The Bears went 1-3 in the games that Jeffery missed. In all three losses, they had a chance to take the lead on their final drive but failed to do so. Against the Titans and Lions, they turned the ball over on downs in the last minute after their young receivers dropped passes.

"It was pretty tough just watching, knowing there's nothing you can do," Jeffery said. "You've just got to cheer the guys on, hoping they can pull it out. I feel like if I was playing, some of those games we would have had a different outcome. We probably would have won."

Barred from Halas Hall during his suspension, Jeffery said that he traveled to Washington because he wanted to be somewhere he could focus on training without any distractions. He did some yoga, tried not to watch too much television and stayed off social media.

While Jeffery felt he let his teammates down, he doesn't feel that he has to earn back their trust.

"My teammates and my coaches, they supported me," he said. "I don't think I ever lost their trust. They stuck with me, they stayed by me. They embraced me with nothing but love."
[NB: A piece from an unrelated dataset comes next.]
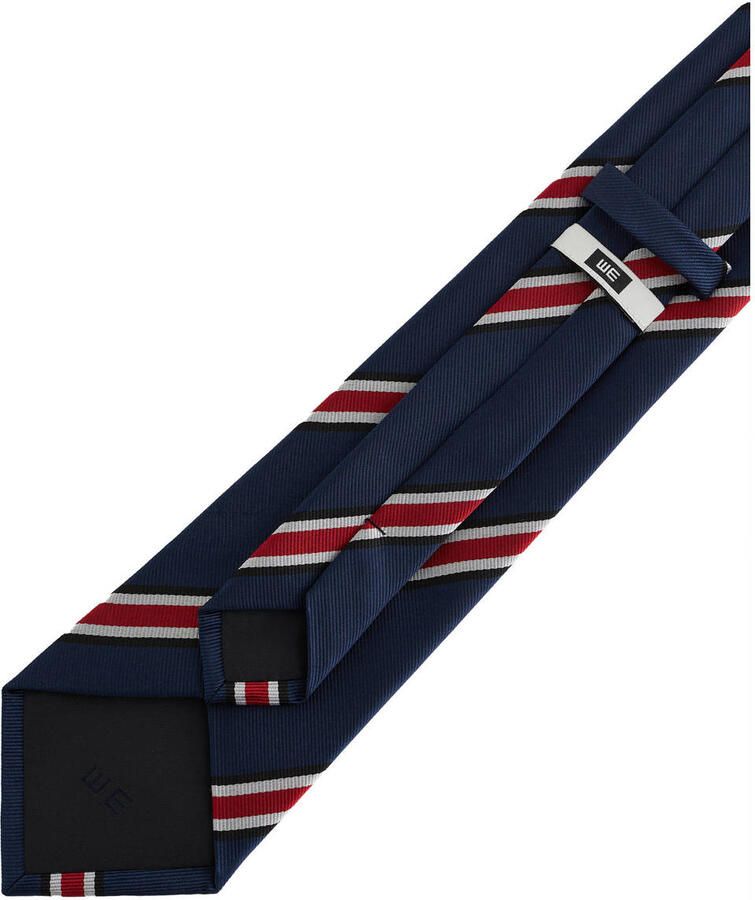 WE Fashion gestreepte stropdas donkerblauw - Foto 2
Jeffery has only played briefly with new Bears quarterback Matt Barkley—in a Week 7 loss in Green Bay—but the two have a history. Jeffery committed to USC out of high school and was going to be part of the same Trojans recruiting class as Barkley. But Jeffery ultimately enrolled at South Carolina.

"I was trying to get him to come to USC and he did go to USC, just not the one I wanted him to go to," Barkley said. "We knew each other through a high-school all-star game, so we've known each other for a while. He was a big target you could throw the ball to in high school. That relationship eased my transition when I first got here. Now getting to throw to him, it's fun playing with him again."

Barkley and Jeffery spent extra time on the practice field together Wednesday in preparing for Sunday's rematch against the Packers at Soldier Field.

"It was good to have him back, just a guy that's been here the longest on offense now and knows what he's doing," Barkley said. "He's a great threat for us. To get back on the same page, we stayed after practice and got some reps just to make sure I'm seeing him getting in on breaks and he's understanding what I'm thinking on some certain routes. He came back looking strong today, strong and lean, so he should be good to go Sunday."

Jeffery possesses a skill set unlike any other Bears receiver, so throwing to him will force Barkley to make some adjustments.

"He's running routes I've thrown before, so he's not a completely foreign route-runner to me," Barkley said. "It's just some of the little things; getting used to putting it high on deep balls to where he can go up and get some of those deep balls or just how he does get in and out of some breaks on certain routes. If he sticks to his depths and what I'm used to, we should be good to go."

Playing under the franchise tag this season, Jeffery has caught 40 passes for 630 yards and one touchdown in nine games. Asked how he thinks the suspension will affect his earning potential as a free agent next year, Jeffery insisted that he's focused on the present, not the future.

"There's nothing I can do about it," Jeffery said. "All I can do is try to work hard. Hopefully whatever happens at the end of this season is something good. We're just trying to finish these last three games 3-0. That's all that matters. Contract stuff will take care of itself."